**What you are asked to do:** Nothing in the data should change when you return it, but leave the pictures out.

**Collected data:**
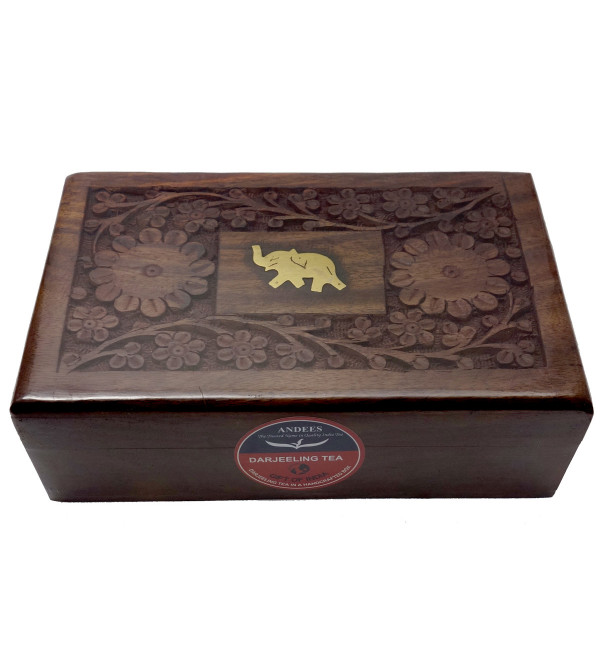 DARJEELING TEA 200GM WOODEN BOX MISSION HILL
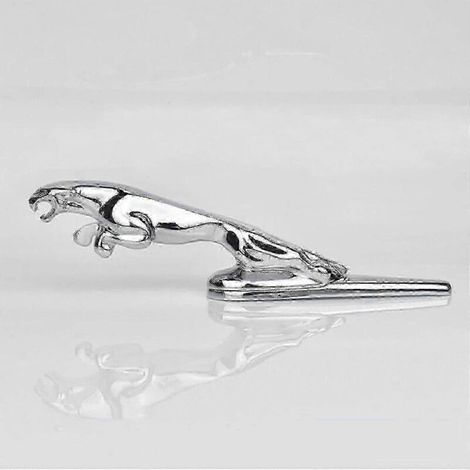 Emblème Jaguar - Ornement Capot Avant 3D En Métal Chromé - Compatible Tous Modèles Jaguar - 1 Pièce (1/5)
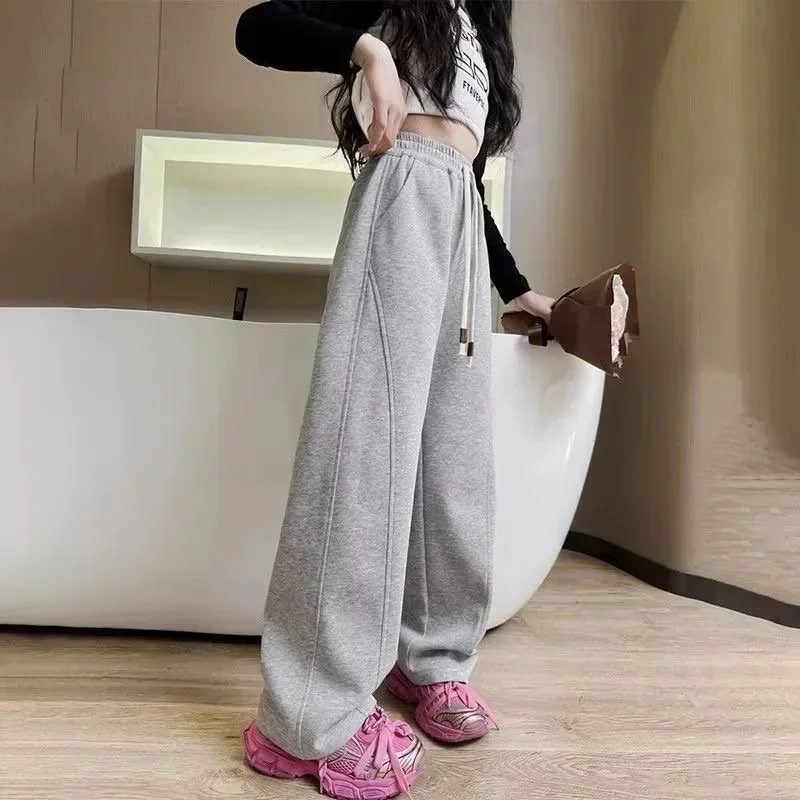 RAISE YOUNG 4-14 Jahre Mädchen-Sweathose mit Seitenstreifen, Junior-Sporthose mit Elastischem Bund, Schulmädchen-Gerade Hose mit Hundemotiv – Detail 9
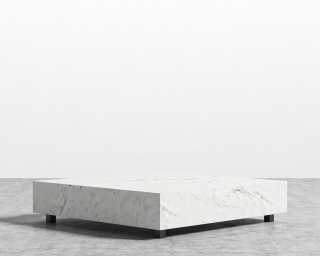 Liza Coffee Table - Carrara Marble 40x40 Liza Coffee Table - Carrara Marble 40x40
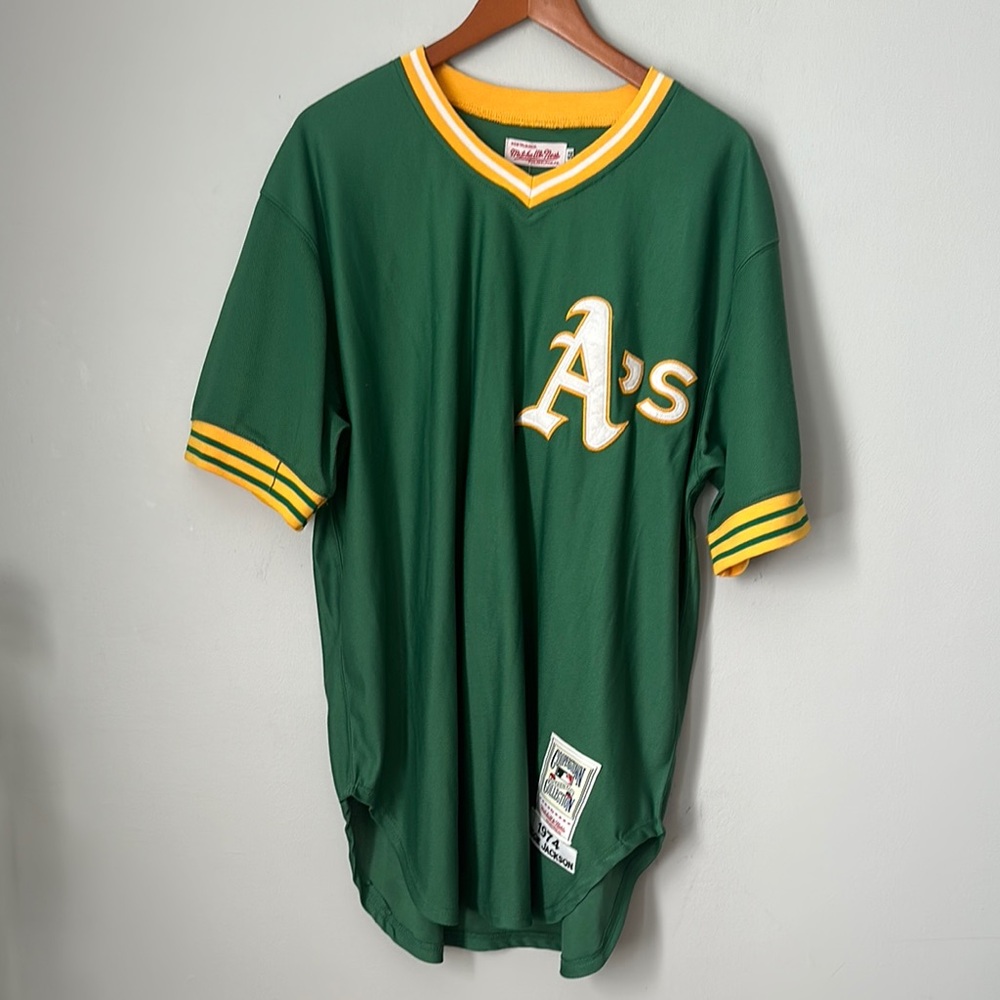 Authentic Mitchell & Ness MLB Oakland Athletics Reggie Jackson Baseball Jersey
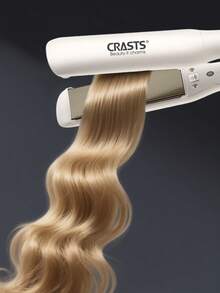 CRASTS 2-In-1 Straightening & Curling Hair Iron, Straightener & Curler, For Hair - White - View 8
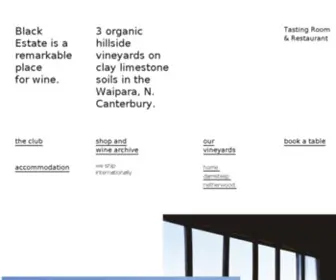 Blackestate.co.nz(Black Estate Wine) Screenshot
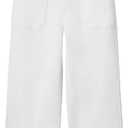 Sidefeel Women's Wide Leg Jeans High Waisted Stretchy Tummy Control Straight Leg Denim Pants (White) Size 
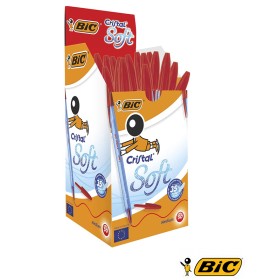BIRO BIC CRISTAL SOFT ROSSA PZ.50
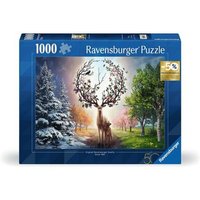 RAVENSBURGER 12001088 Puzzle 1000 Teile Der magische Hirsch und die vier Jahreszeiten von Ravensburger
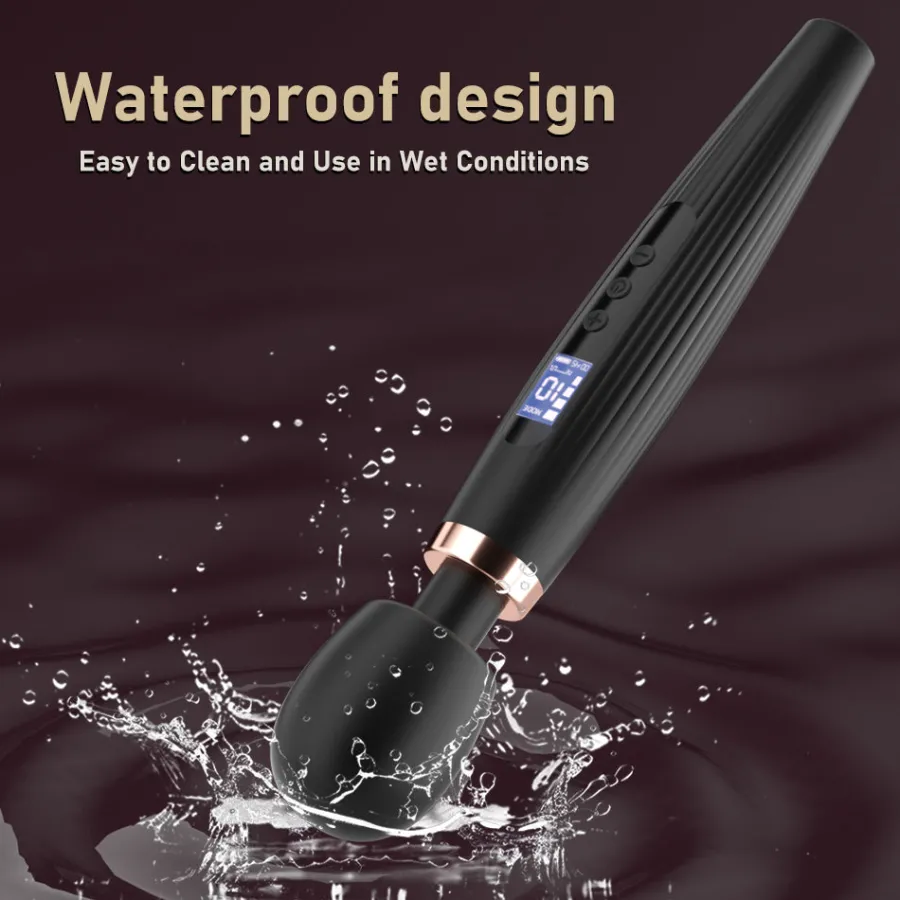 marielove Xxl Vibrator|Paarvibrator|Vibrator Magic Wand Stimulation Vagina GM-544 Schwarz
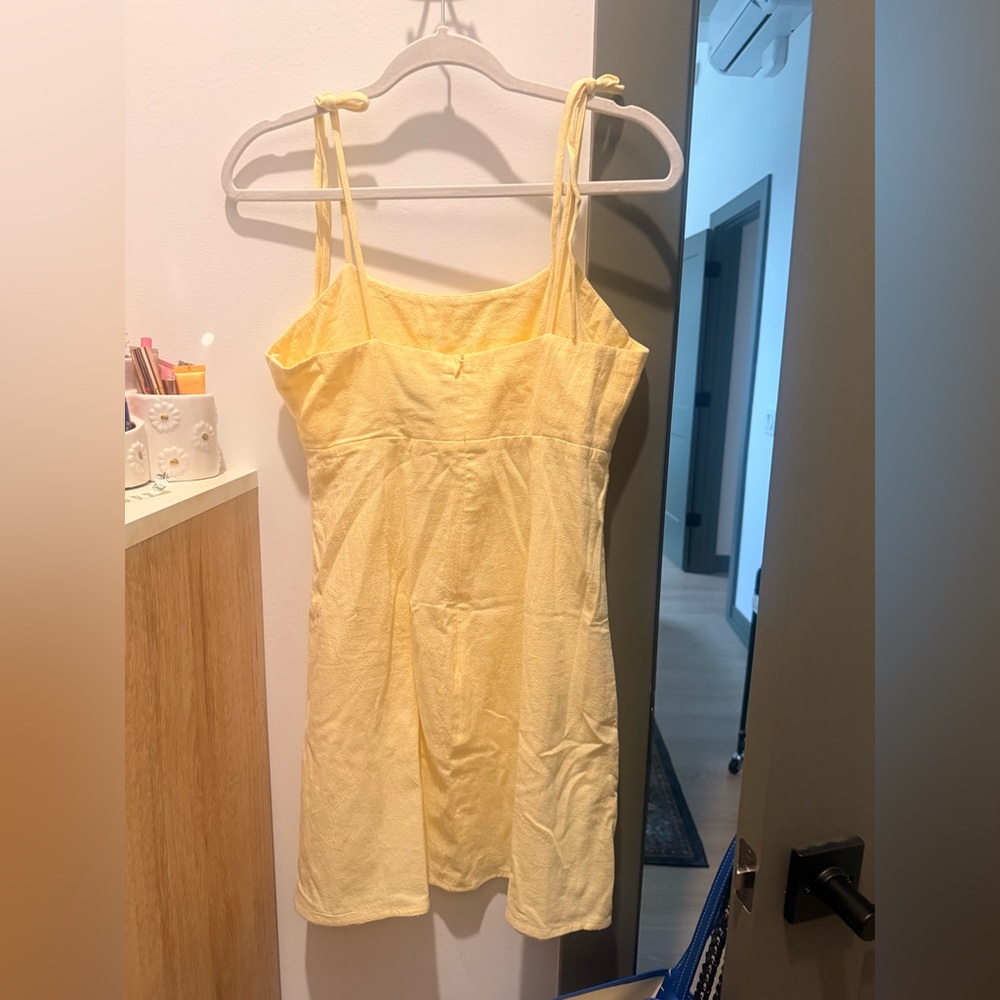 Etro Yellow Spaghetti-Strap Camisole Dress Top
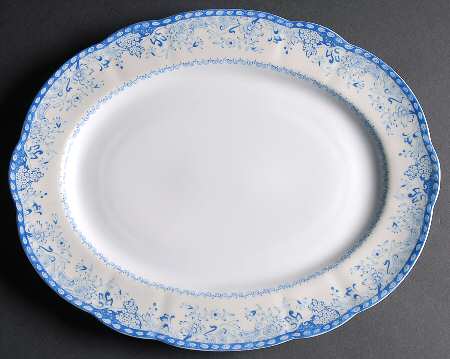 Virginia Blue 14" Oval Serving Platter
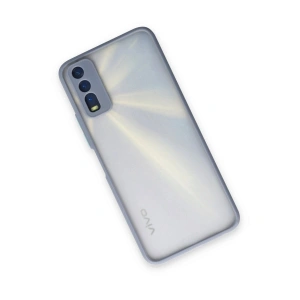 Vivo Y11s Kılıf Montreal  Kapak - Gri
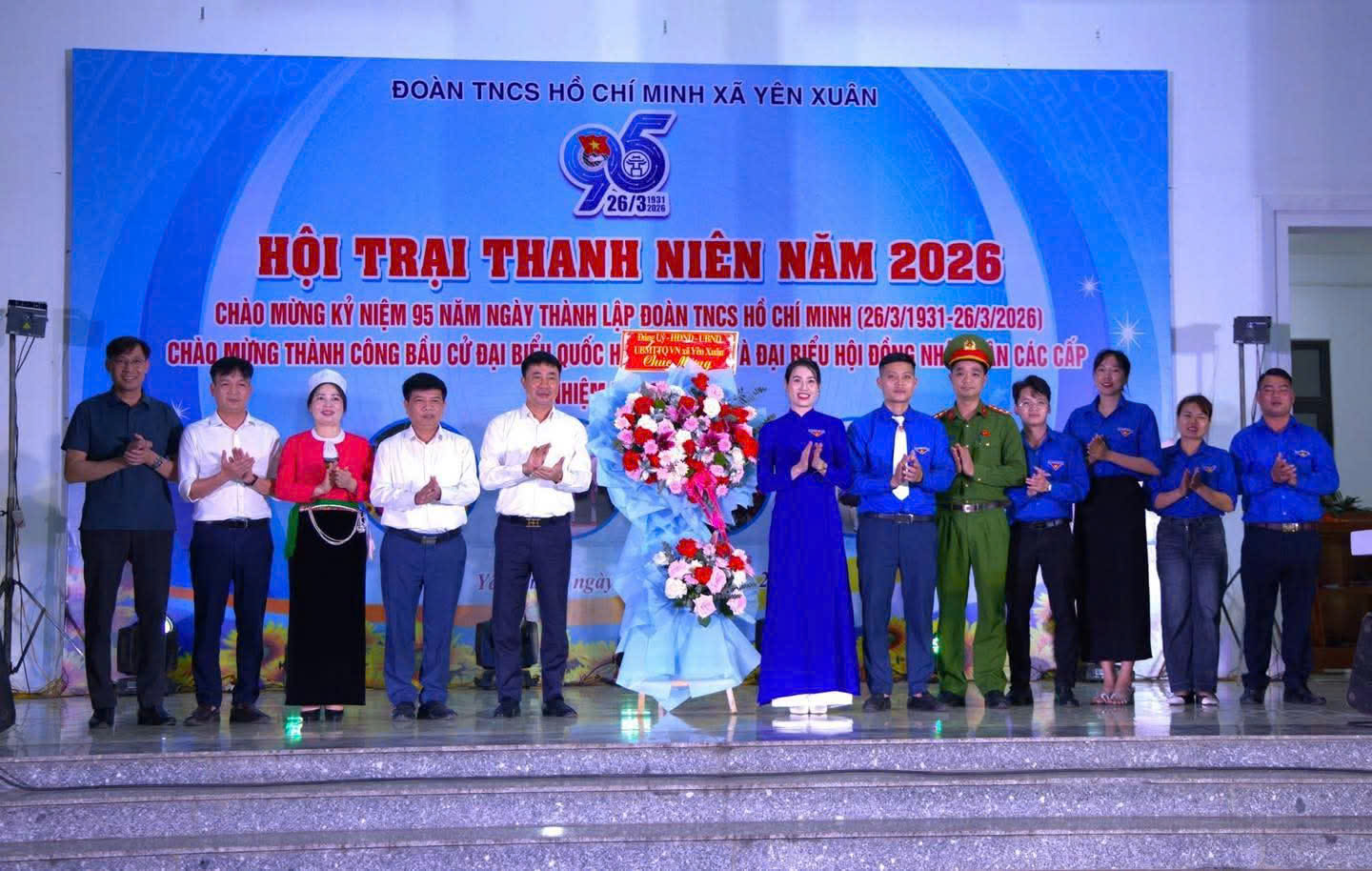 Tuổi trẻ xã Yên Xuân thắp lửa truyền thống, lan tỏa khát vọng cống hiến qua Hội trại thanh niên năm 2026
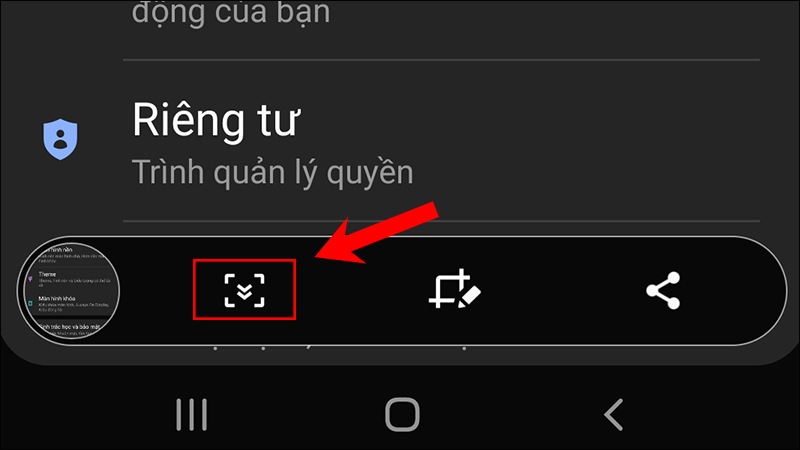 cách chụp màn hình Samsung A23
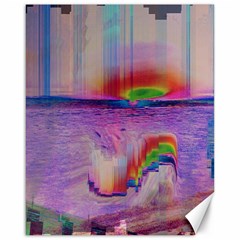 Glitch Art Abstract Canvas 16  X 20   by Simbadda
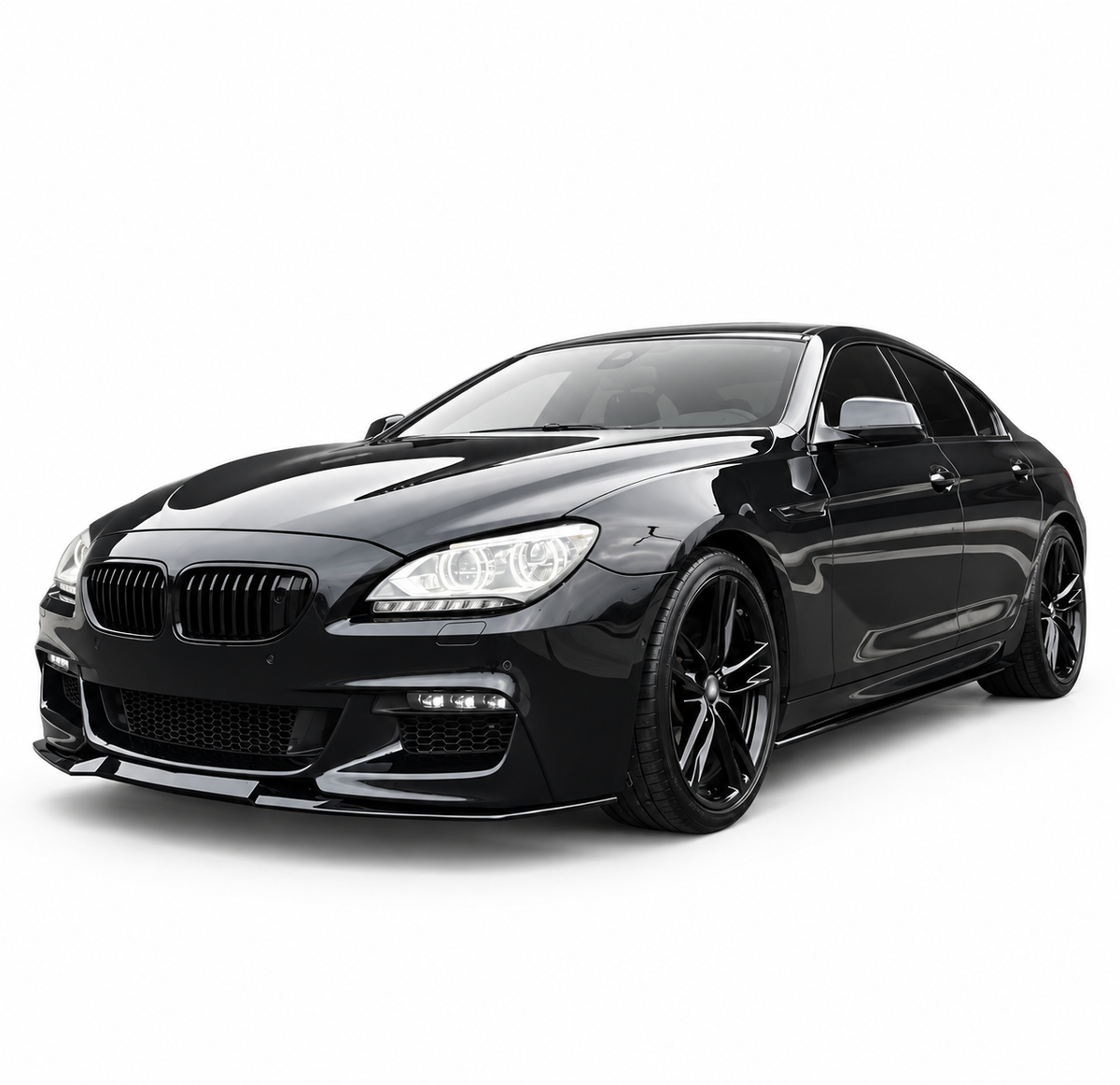 👉Lama Spoiler Anteriore WR Nero Lucido Adatta per BMW F06 F12 F13 M-Pack👈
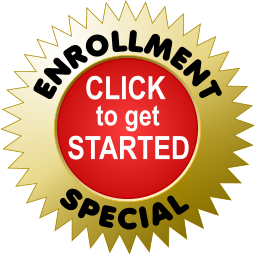 ENROLLMENT SPECIAL to get STARTED CLICK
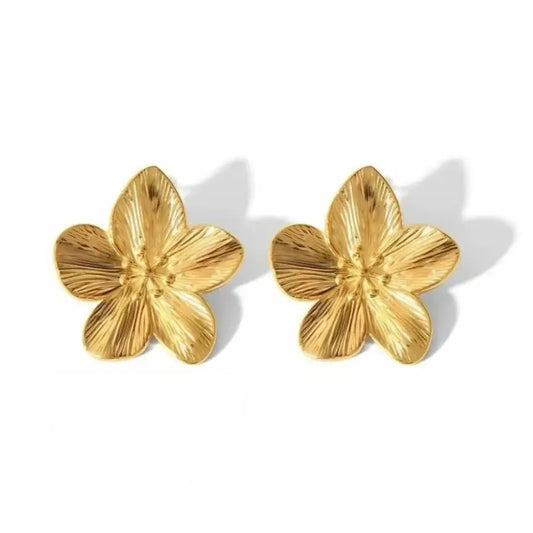 Boucles d’Oreilles Fleur Vintage | Dame Fleur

**Final answer:**
 DARJEELING TEA 200GM WOODEN BOX MISSION HILL
 Emblème Jaguar - Ornement Capot Avant 3D En Métal Chromé - Compatible Tous Modèles Jaguar - 1 Pièce (1/5)
 RAISE YOUNG 4-14 Jahre Mädchen-Sweathose mit Seitenstreifen, Junior-Sporthose mit Elastischem Bund, Schulmädchen-Gerade Hose mit Hundemotiv – Detail 9
 Liza Coffee Table - Carrara Marble 40x40 Liza Coffee Table - Carrara Marble 40x40
 Authentic Mitchell & Ness MLB Oakland Athletics Reggie Jackson Baseball Jersey
 CRASTS 2-In-1 Straightening & Curling Hair Iron, Straightener & Curler, For Hair - White - View 8
 Blackestate.co.nz(Black Estate Wine) Screenshot
 Sidefeel Women's Wide Leg Jeans High Waisted Stretchy Tummy Control Straight Leg Denim Pants (White) Size 
BIRO BIC CRISTAL SOFT ROSSA PZ.50
 RAVENSBURGER 12001088 Puzzle 1000 Teile Der magische Hirsch und die vier Jahreszeiten von Ravensburger
 marielove Xxl Vibrator|Paarvibrator|Vibrator Magic Wand Stimulation Vagina GM-544 Schwarz
 Etro Yellow Spaghetti-Strap Camisole Dress Top
 Virginia Blue 14" Oval Serving Platter
 Vivo Y11s Kılıf Montreal  Kapak - Gri
 Tuổi trẻ xã Yên Xuân thắp lửa truyền thống, lan tỏa khát vọng cống hiến qua Hội trại thanh niên năm 2026
 cách chụp màn hình Samsung A23
 Glitch Art Abstract Canvas 16  X 20   by Simbadda
 👉Lama Spoiler Anteriore WR Nero Lucido Adatta per BMW F06 F12 F13 M-Pack👈
 ENROLLMENT SPECIAL to get STARTED CLICK
 Boucles d’Oreilles Fleur Vintage | Dame Fleur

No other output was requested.